O seguro daquele pied-à-terre em South Pointe ou daquele apartamentaço em Surfside está pela hora da morte.
Os preços dos seguros residenciais foram às alturas nos EUA – e os reajustes têm sido mais amargos nos lugares mais diretamente atingidos por furacões, enchentes e incêndios, que estão aumentando em intensidade e frequência.
O prêmio médio nos EUA deve subir 9% neste ano, depois de uma alta de 7% em 2022. Os reajustes têm ocorrido particularmente nos estados mais diretamente afetados pelos desastres climáticos, como Flórida, Louisiana e Califórnia.
A Flórida tem hoje os maiores custos de renovação de apólices, com um prêmio médio ao redor de US$ 6.000 ao ano – 42% acima do ano passado e o triplo do que era cobrado em 2019, segundo o Insurance Information Institute. O prêmio médio no estado é quase 4 vezes a média nacional, hoje em cerca de US$ 1.700.
Uma das razões para essa disparada na Flórida são catástrofes como o furacão Ian, um ano atrás, que deixou prejuízos de US$ 60 bilhões, cobertos pelas seguradoras.
A indústria de seguros dos EUA está num labirinto – e ninguém vê uma saída fácil.
Como a alta pesa no bolso dos proprietários, os reguladores e políticos locais reagem criando regras e tomando decisões que restringem os reajustes – o que afeta o equilíbrio financeiro das seguradoras.
A Farmers Insurance, uma das maiores seguradoras residenciais dos EUA, disse recentemente que não vai renovar um terço de seus contratos na Flórida, e que vai restringir suas vendas na Califórnia.
Já a State Farm, a maior seguradora residencial dos EUA, anunciou que não vai vender novas apólices na Califórnia. A Allstate, a quarta maior nesse segmento, está indo pelo mesmo caminho.
Outro agravante é que a Flórida lidera (de longe) no número de litígios relacionados aos contratos de seguros residenciais. A cada ano, os floridianos abrem cerca de 100 mil processos contra as seguradoras.
O estado responde por 9% dos valores segurados no país – e por 79% dos processos. Um dos motivos para isso, segundo os especialistas, é que as leis locais estão entre as mais generosas quanto ao pagamento das taxas de sucesso cobradas pelos advogados.

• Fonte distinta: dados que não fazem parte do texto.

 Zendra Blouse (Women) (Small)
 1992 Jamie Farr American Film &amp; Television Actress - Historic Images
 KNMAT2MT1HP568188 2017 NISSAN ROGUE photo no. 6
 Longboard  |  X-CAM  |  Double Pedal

A regulação local também incentiva as fraudes, dizem os especialistas.
Quando passa um furacão, por exemplo, as empresas de reparos oferecem fazer o conserto em casas que foram apenas ligeiramente danificadas – sugerindo, por exemplo, trocar todo o telhado, em vez de algumas telhas. Essas mesmas empresas cuidam dos trâmites para conseguir o reembolso das seguradoras.

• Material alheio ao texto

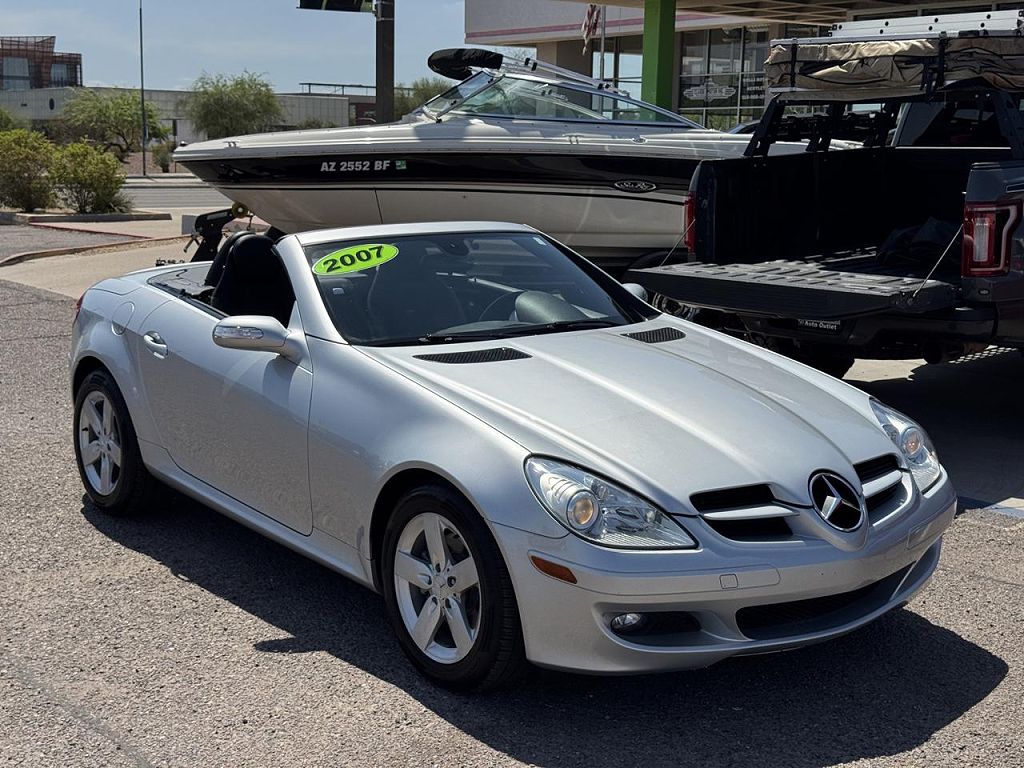 2007 Mercedes-Benz SLK SLK280
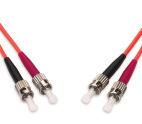 Multimode Optical Fiber Patch Cords Multimode optical fiber patch cords can be used as cross-connect jumpers, equipment and work area cords.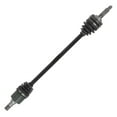 thumbnail image 1 of Detroit Axle - Front Right Passenger Side CV Axle Shaft Assembly Replacement for Chevrolet Geo Metro, 1 of 7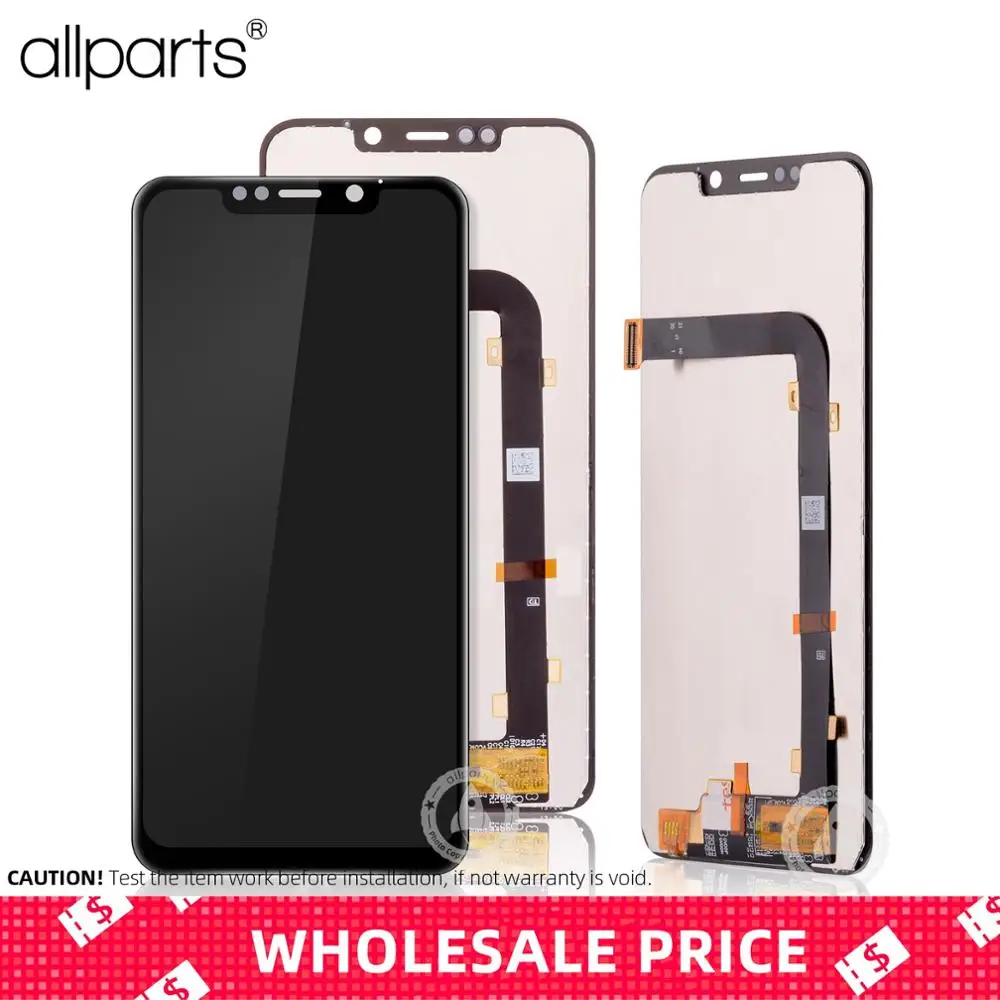 

Origianl Display For Motorola Moto One Power LCD XT1942 Display Touch Screen Digitizer For Motorola One LCD Replacement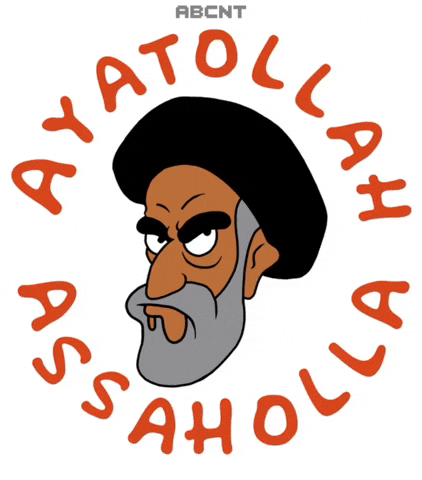 Iran Persian GIF by ABCNT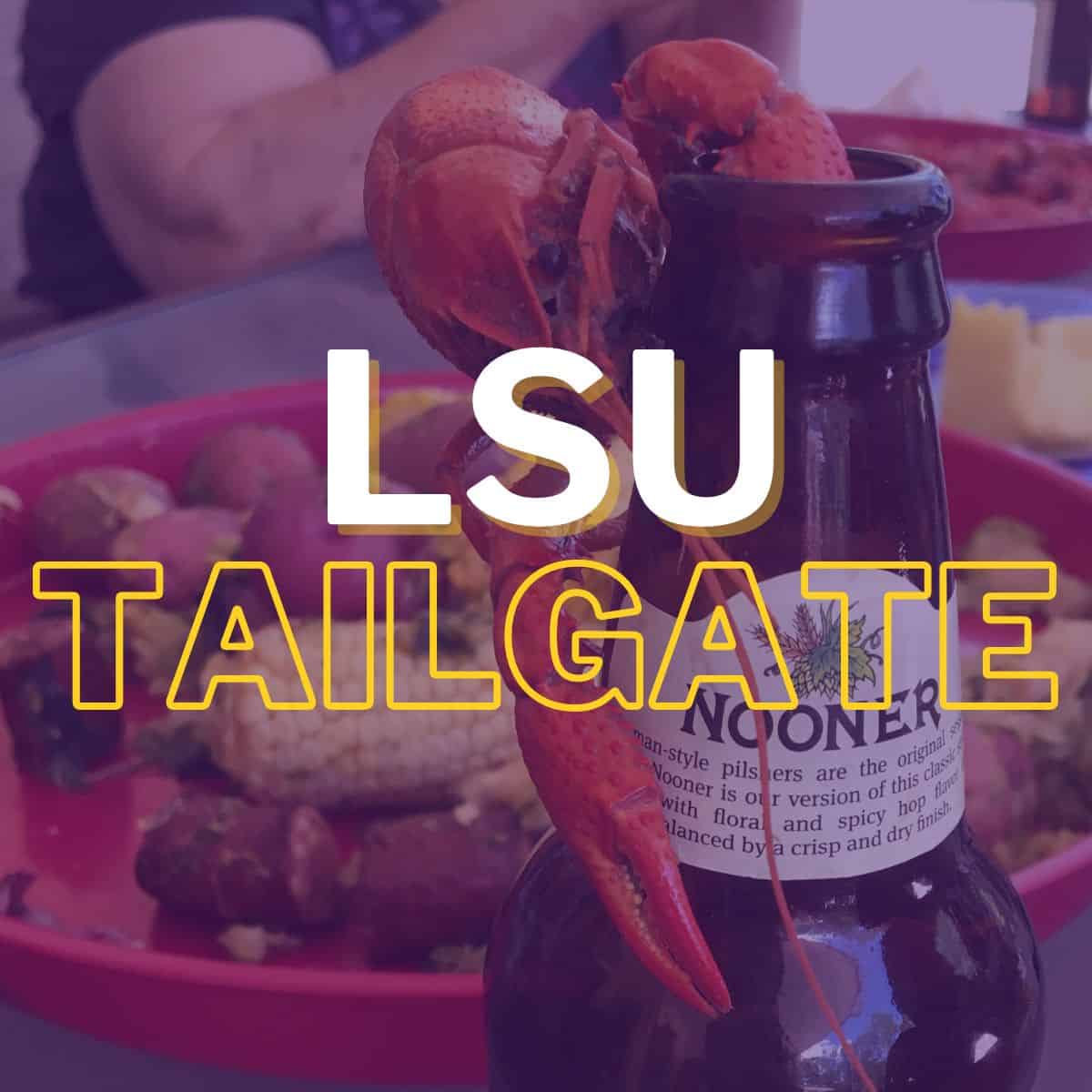 We Know What College You Went To Based On Your Tailgate Spread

Quando as seguradoras negam a solicitação, o caso vai para a Justiça. E aí, muitas vezes, para não estender o processo por anos, as seguradoras acabam aceitando acordos.

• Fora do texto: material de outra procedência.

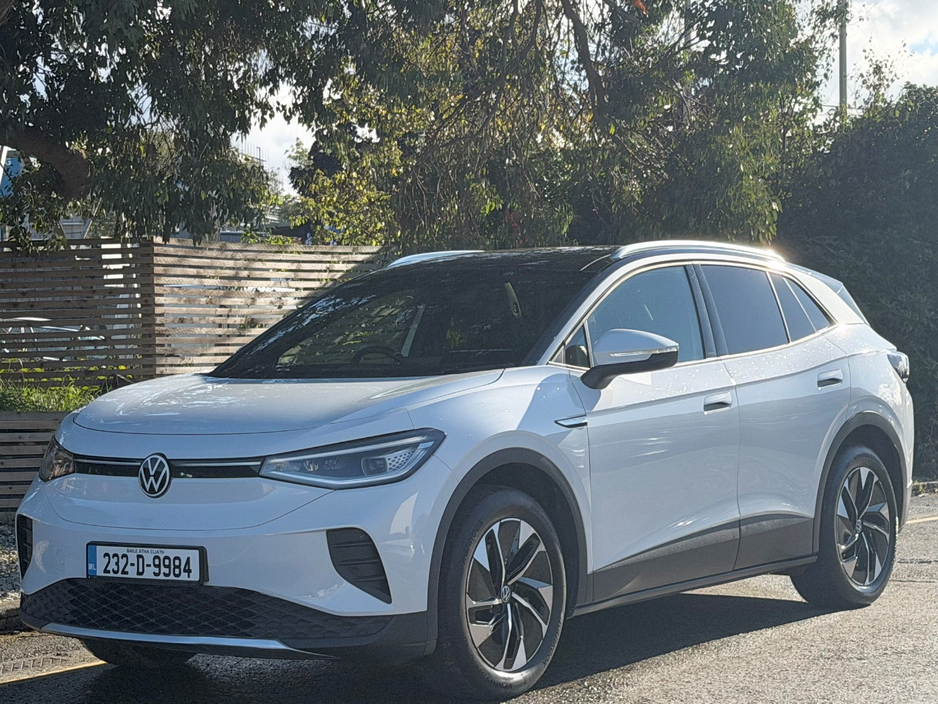 Used Volkswagen ID.4 2023 in Dublin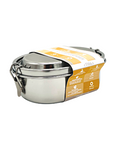 2-Compartment SMART SNACK BOX
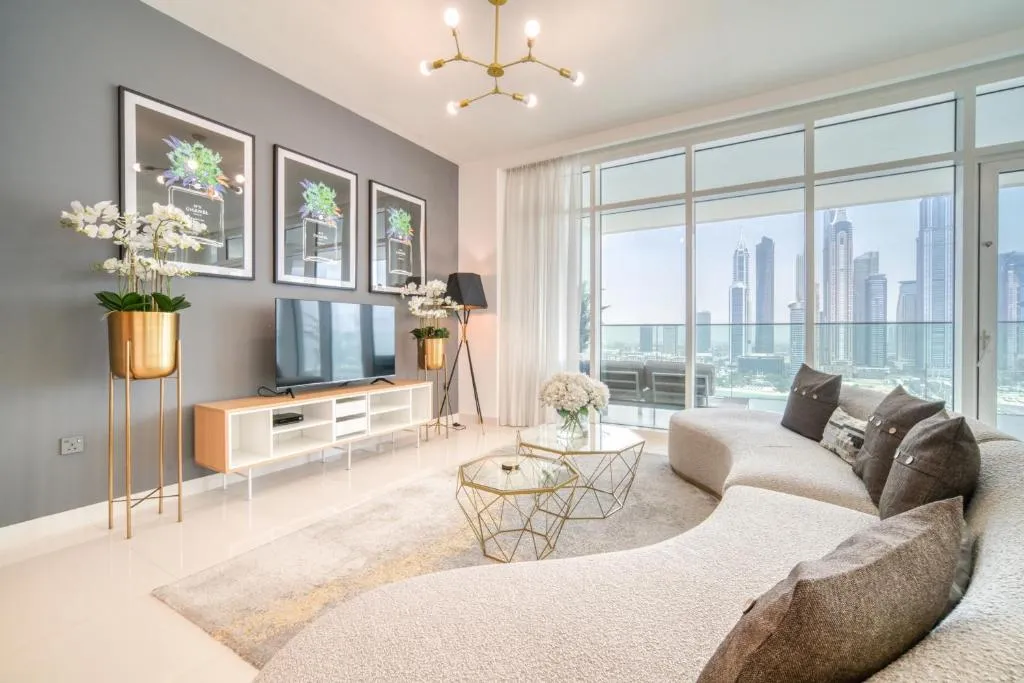 Sunrise Bay, Emaar Beachfront Dubai Harbour – Mint Stay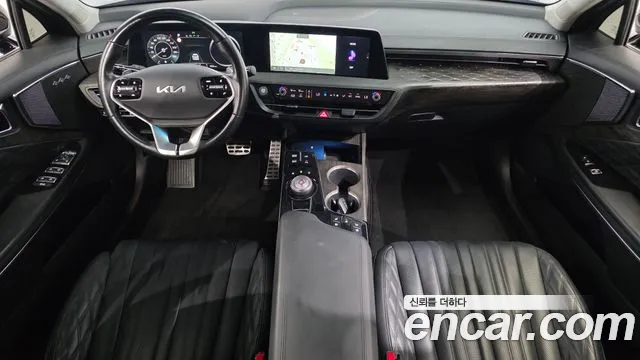 Kia K8 3.5 Бензин 2WD — Фото автомобиля 6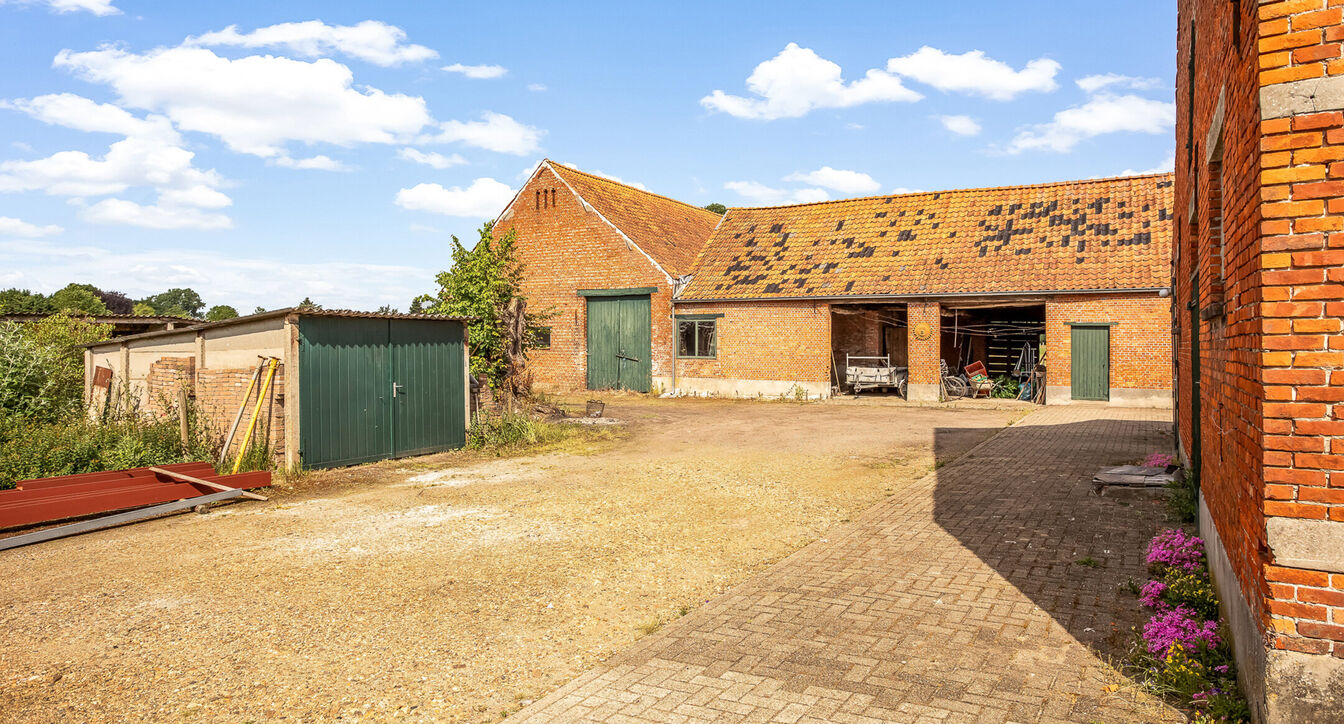 Hoeve te koop in Turnhout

É um ambiente de negócios hostil para as grandes companhias – e ainda mais para as menores. Nos últimos dois anos, oito seguradoras locais declararam falência, deixando os consumidores do estado com menos opções.
A Flórida aprovou recentemente reformas na tentativa de conter o número de litígios, mas é cedo para saber se elas vão funcionar.
Daniel Schwarcz, um professor de Direito da Universidade de Minnesota que estuda a indústria de seguros, disse ao New York Times que há uma extensa literatura acadêmica provando que o mercado de seguros seria mais eficiente se — em vez da regulação pesada que existe atualmente — os preços fossem livres. Hoje, na maioria dos estados americanos, as seguradoras são tratadas da mesma forma como concessionárias de serviços públicos: para aumentar seus preços, elas têm que obter aprovação regulatória do governo estadual.
O caso lembra também a regulação dos planos de saúde no Brasil. Os reguladores estaduais exercem um controle exacerbado sobre a precificação do setor, mantendo os preços artificialmente baixos ainda que o custo dos sinistros continue a aumentar (graças a furacões e tempestades cada vez mais devastadores e frequentes).
De acordo com o Insurance Information Institute, no agregado, a última vez que as seguradoras de ramos elementares tiveram um lucro na Flórida foi em 2016.